A finales de 2022 llegaba a las librerías 1969 (Navona; L’Altra, en catalán), novela a la que el escritor Eduard Márquez (Barcelona, 1960) ha dedicado los últimos ocho años. En el transcurso de este largo período se ha documentado de forma más que exhaustiva: ha acumulado cientos de libros y revistas, miles de documentos de archivo y horas y horas de entrevistas. El resultado es una novela documental, construida como un collage, a partir de pequeños fragmentos escogidos entre el material acumulado.
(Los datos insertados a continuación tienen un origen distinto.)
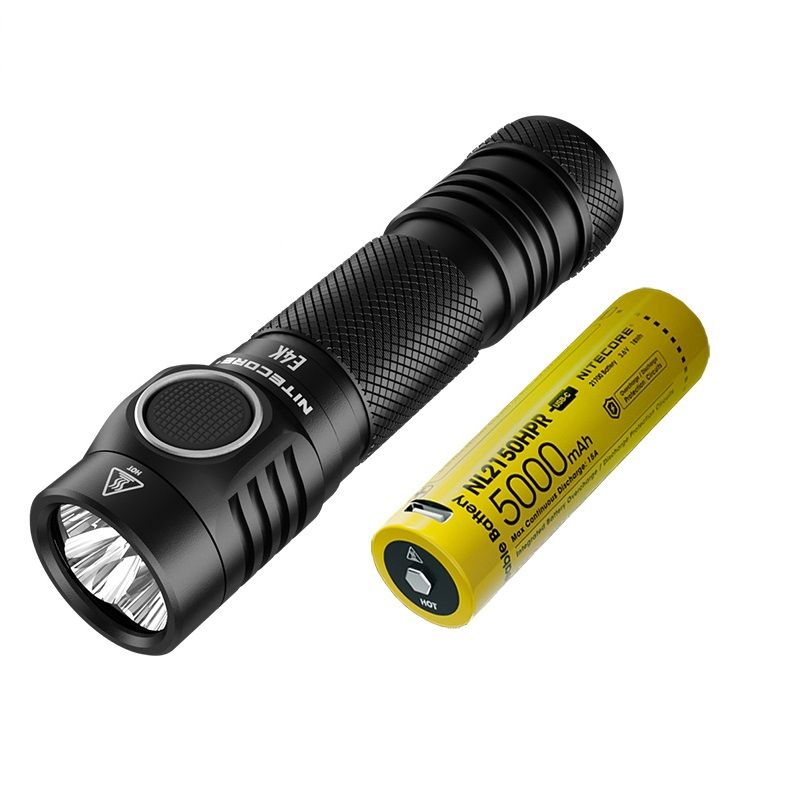 Nitecore E4K 4400 Lumen Taschenlampe Kompaktes Design EDC Taschenlampe Wasserdicht mit 21700 Batterie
En sus más de 500 páginas, el autor pone el foco en el año que marca el inicio del fin de la dictadura, y en una ciudad especialmente bulliciosa, Barcelona. Pero 1969 no nos habla únicamente de aquellos doce meses, sino también del inicio de toda una época, los años 70, caracterizada tanto por las aspiraciones de cambio radical como por las desilusiones con las que, muchas veces, culminaron estas expectativas.
El final del franquismo y la transición están muy presentes en el debate público. Es un período del que se habla mucho, pero sobre el que siempre suelen repetirse los mismos lugares comunes. ¿Cómo ha cambiado tu mirada sobre aquella época la elaboración del libro?
Cuando empecé a trabajar en la novela, la idea de la transición modélica, gracias a la cual unas cuantas mentes preclaras y generosas nos regalaron la democracia, ya estaba muy desacreditada. De manera que me encontré con una visión menos modélica y más colectiva. Es decir, una visión que reconoce la enorme violencia del proceso y que asume la presión que se ejerció desde multitud de organizaciones para forzarlo y canalizarlo. En este sentido, es sorprendente la gran cantidad de material académico sobre organizaciones de todo tipo —políticas, laborales, sociales, culturales…— que jugaron un papel en el cambio. Ahora bien, a pesar de esto, creo que hay que abrir aún más el foco y recuperar la fuerza de la calle y de la gente anónima que, sin estar encuadrada o estando encuadrada en organizaciones pequeñas o marginales, también puso su grano de arena para mejorar la vida de su barrio, o la escuela de sus hijos, o las condiciones laborales de su lugar de trabajo, o los derechos de determinados colectivos… Una labor de desgaste más diversa de lo que se cree y que hay que reivindicar. En la línea, un poco, de la intrahistoria de Unamuno.
Me pareció muy pertinente el titular de uno de los artículos que se han publicado sobre 1969: “Cosas del franquismo que había que contar”. ¿Hasta qué punto hemos fallado como sociedad a la hora de transmitir lo que pasó durante la dictadura?
A pesar de que pueda parecer mentira, sí queda mucho por contar. Porque hay mucho material en los archivos que aún no ha salido a la luz y, sobre todo, porque hay mucha gente que aún no ha tenido la oportunidad de explicar su historia. Curiosamente, además, a raíz de la publicación de la novela he podido conversar con lectores jóvenes y me atrevería a afirmar que muchos de ellos desconocen lo que ocurrió o que, si lo conocen, tienen una visión muy parcial o sesgada. En este sentido, sí creo que hemos fallado como sociedad porque, en muchos casos, les hemos escatimado la información necesaria para conocer y comprender la historia de sus propias familias y para entender muchas de las derivadas de todo aquello que aún influyen en la realidad actual.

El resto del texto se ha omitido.